*Description of the task*.
Give the listing again exactly, omitting its images.
--
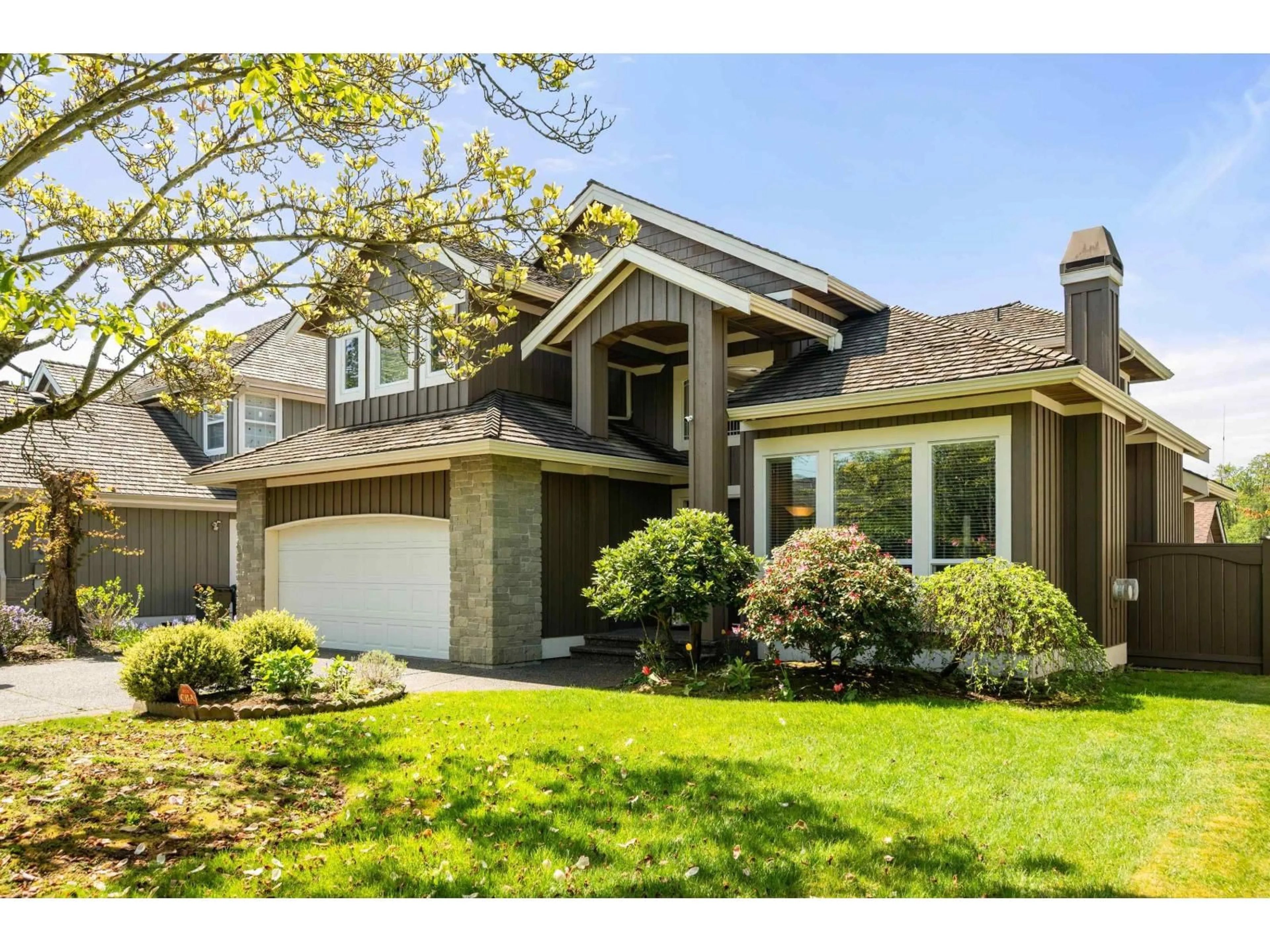 Home with vinyl exterior material, street for 1771 144 STREET, Surrey British Columbia V4A9W2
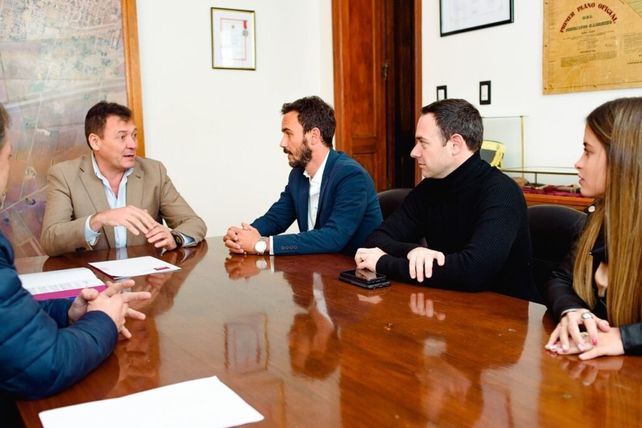 Firmado. El intendente Leonardo Raimundo y el rector Franco Bartolacci tras celebrar el acuerdo.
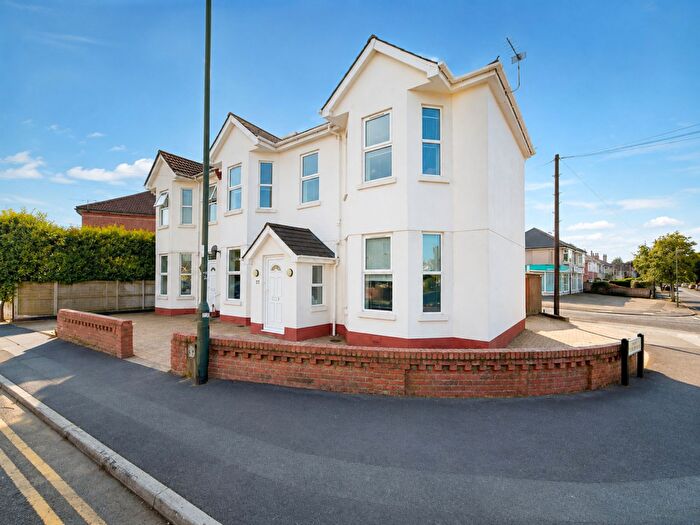 9 Bedroom Semi-Detached House To Rent In Heron Court Road, Bournemouth, BH3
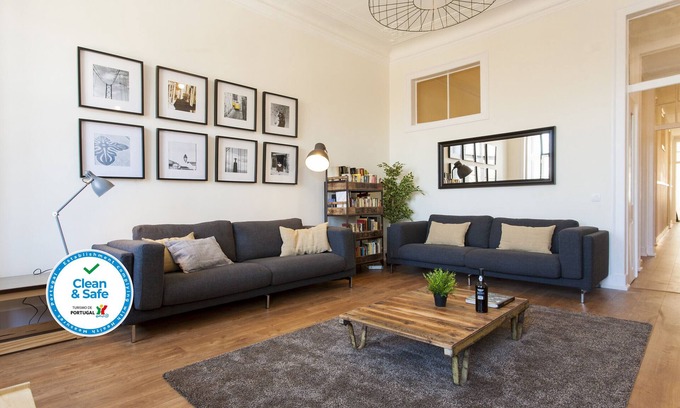 Encarnacao Apartment | Big Bairro Alto 2D up to 25 guests by Central Hill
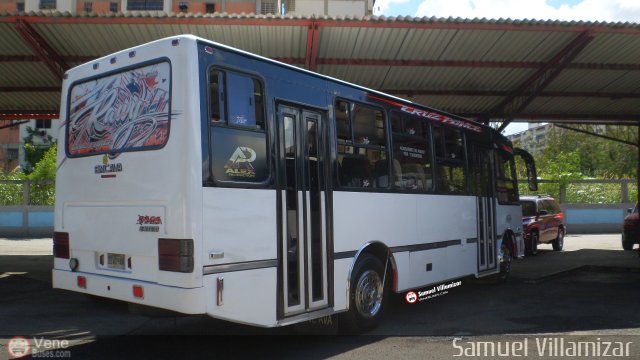 Coop. Transporte Menca de Leoni 075 por Samuel Villamizar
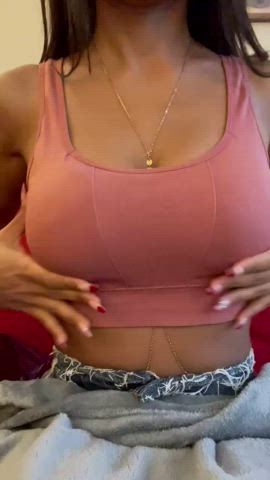 Squeeze them for me baby : video clip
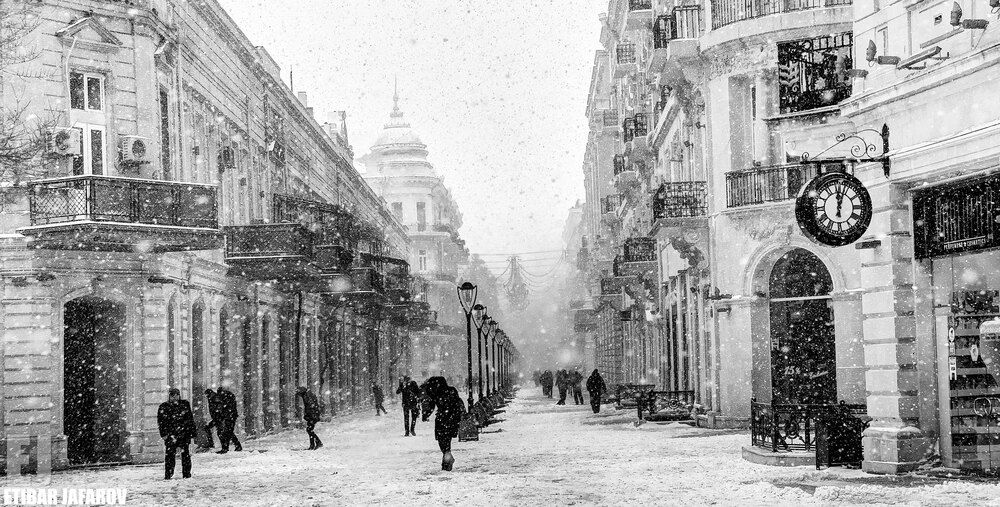 Улица в Баку торговая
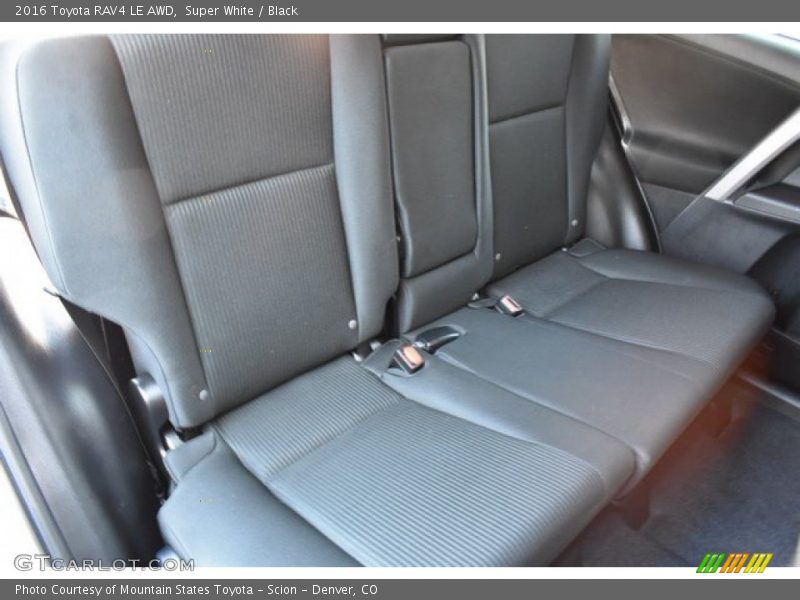 Super White / Black 2016 Toyota RAV4 LE AWD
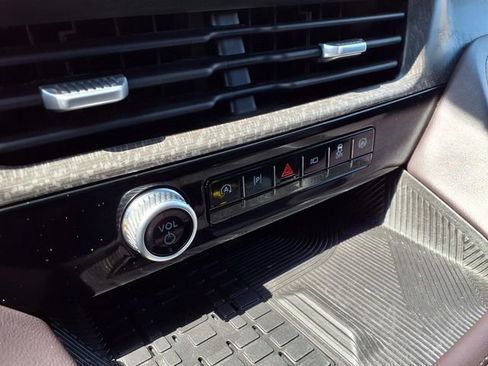Used 2025 Ford Explorer Platinum w/ Ultimate Package RWD image 12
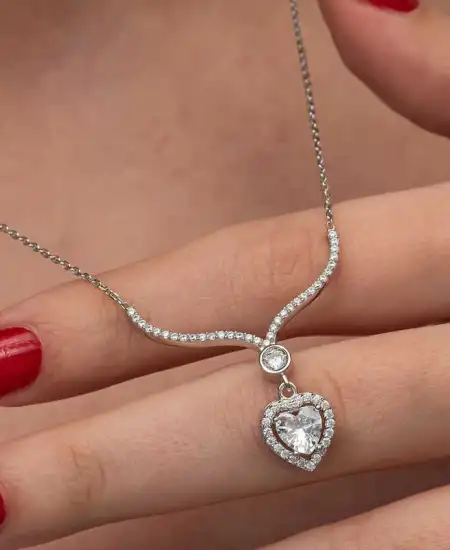 Gümüş Beyaz Zirkon Taşlı Kalp Kadın Kolye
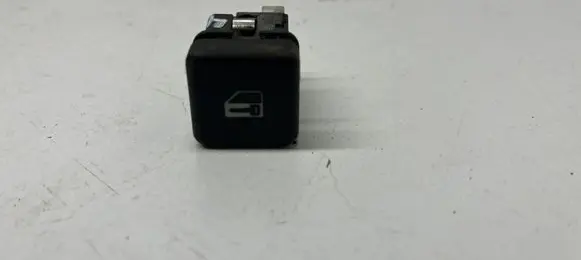 BMW 5 E39 Central locking switch button 8360828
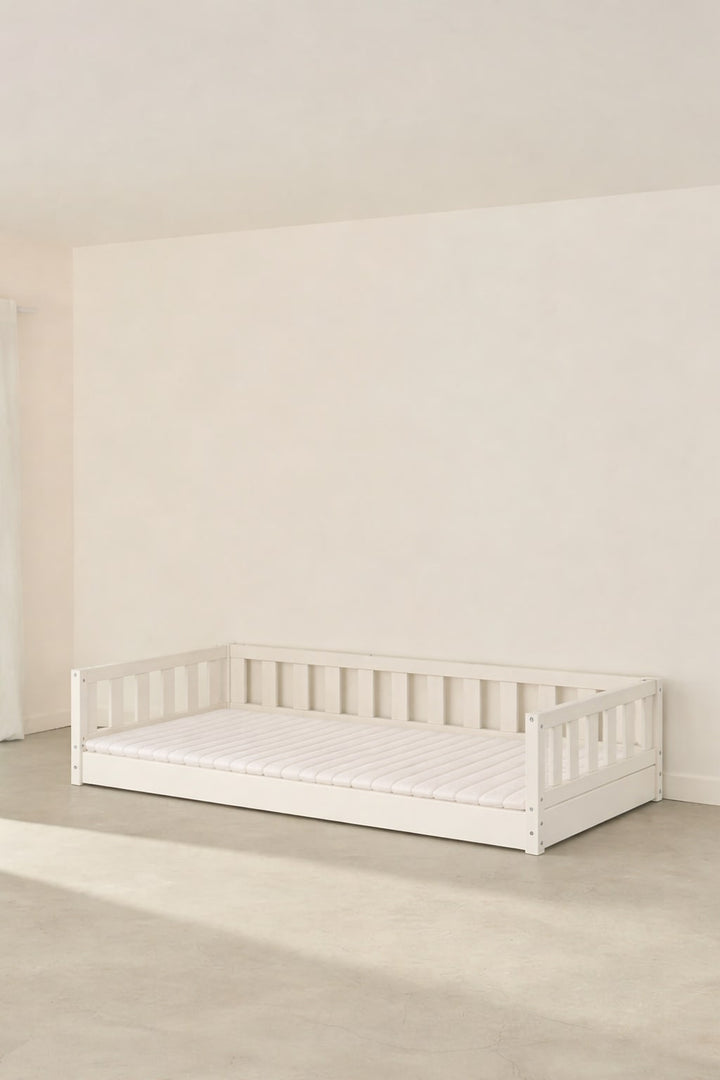 Montessori convertible bed in white wood, Barcelona, without barriers, sleek design for children.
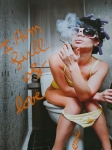 Hannes D'Haese - Woman on toilet (I am full of love)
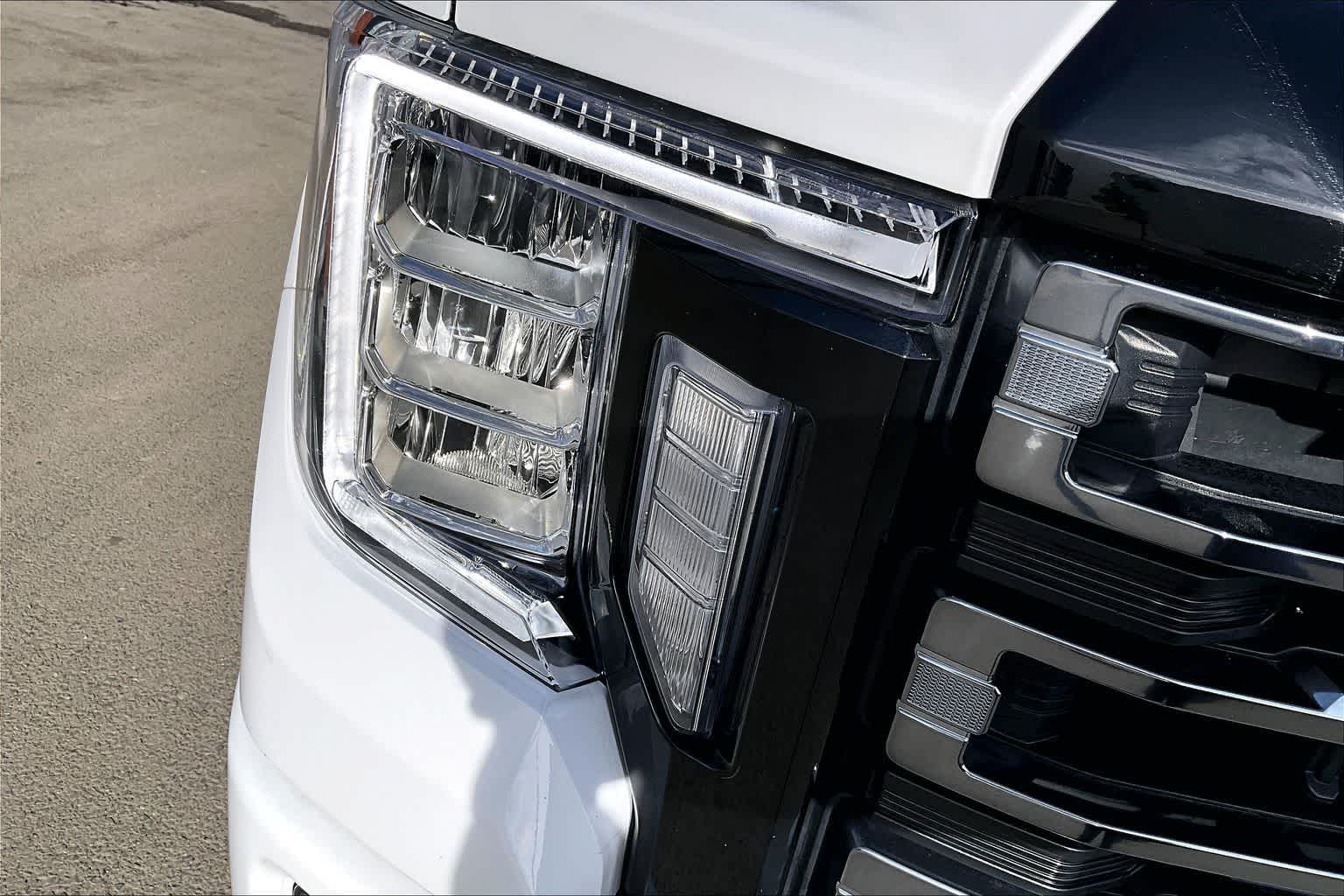 Thumbnail: 2022 GMC Sierra 2500 - 31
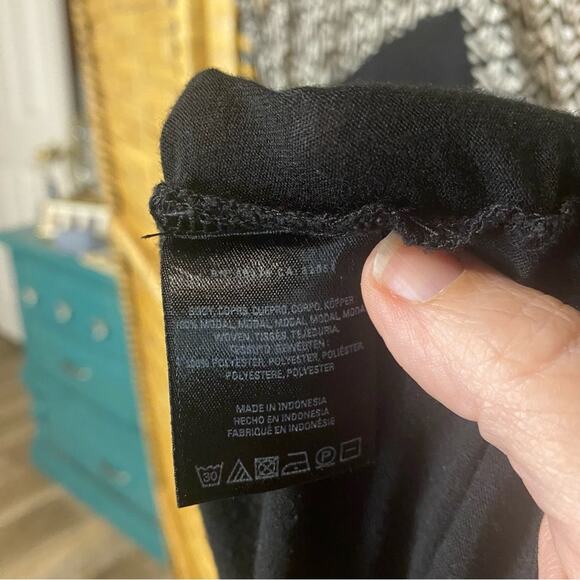 Little yellow button Black and Gray Asymmetrical Sleeveless Blouse large - Picture 3 of 5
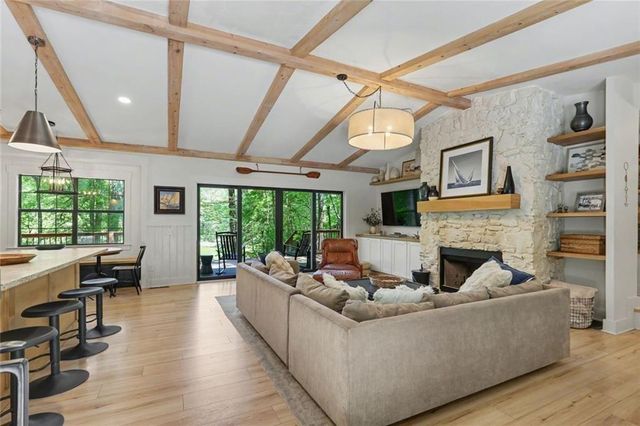 159 Manor Oak Trail, Toccoa, GA 30577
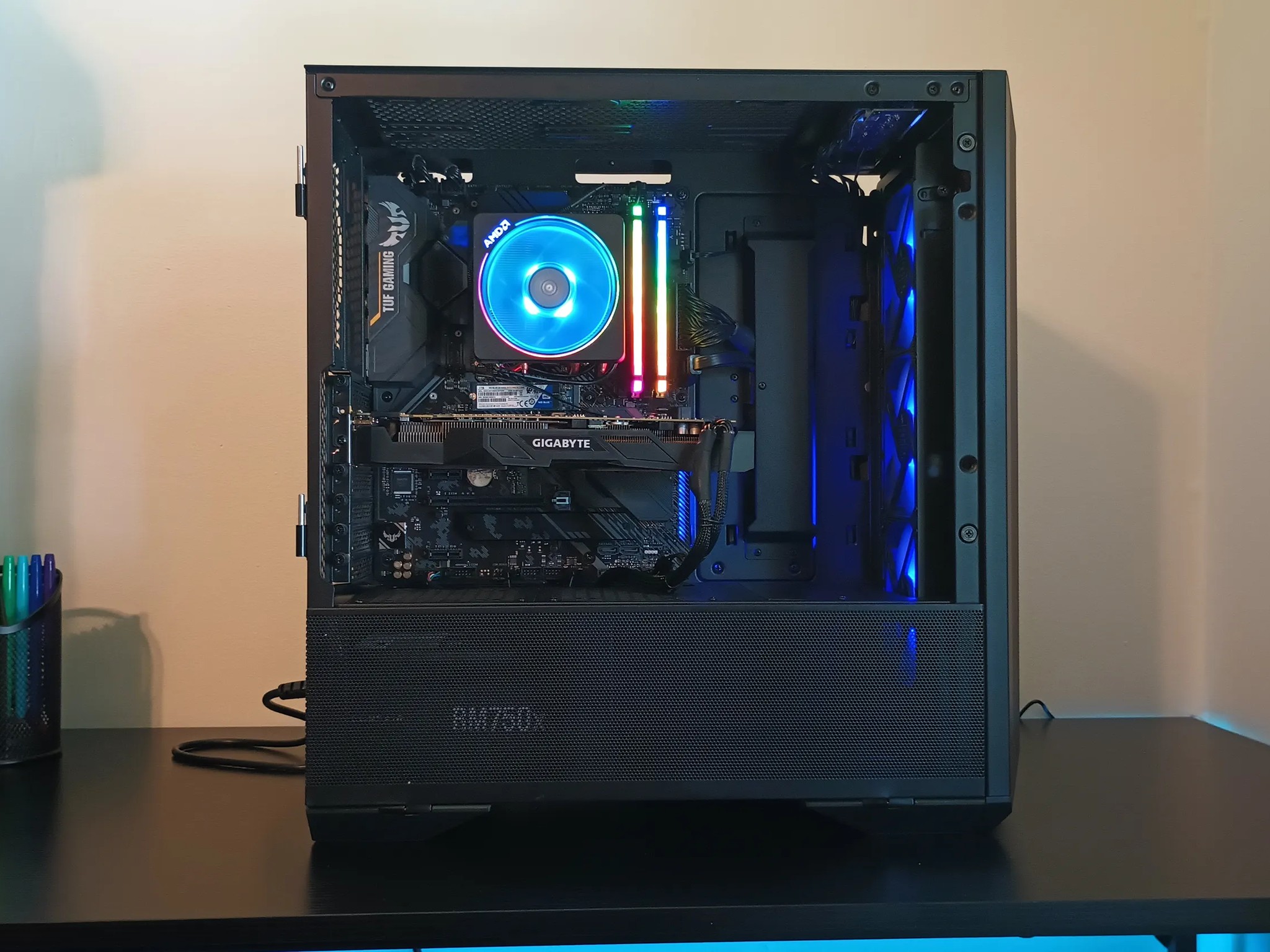 Summer Sale! Beginner's Dream Gaming PC! | R7 3700X | GTX 1070 8G | 16GB DDR4 RAM |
--
*Task answer*.
 Home with vinyl exterior material, street for 1771 144 STREET, Surrey British Columbia V4A9W2
 Firmado. El intendente Leonardo Raimundo y el rector Franco Bartolacci tras celebrar el acuerdo.
 9 Bedroom Semi-Detached House To Rent In Heron Court Road, Bournemouth, BH3
 Encarnacao Apartment | Big Bairro Alto 2D up to 25 guests by Central Hill
 Coop. Transporte Menca de Leoni 075 por Samuel Villamizar
 Squeeze them for me baby : video clip
 Улица в Баку торговая
 Super White / Black 2016 Toyota RAV4 LE AWD
Used 2025 Ford Explorer Platinum w/ Ultimate Package RWD image 12
 Gümüş Beyaz Zirkon Taşlı Kalp Kadın Kolye
 BMW 5 E39 Central locking switch button 8360828
 Montessori convertible bed in white wood, Barcelona, without barriers, sleek design for children.
 Hannes D'Haese - Woman on toilet (I am full of love)
 Thumbnail: 2022 GMC Sierra 2500 - 31
 Little yellow button Black and Gray Asymmetrical Sleeveless Blouse large - Picture 3 of 5
 159 Manor Oak Trail, Toccoa, GA 30577
 Summer Sale! Beginner's Dream Gaming PC! | R7 3700X | GTX 1070 8G | 16GB DDR4 RAM |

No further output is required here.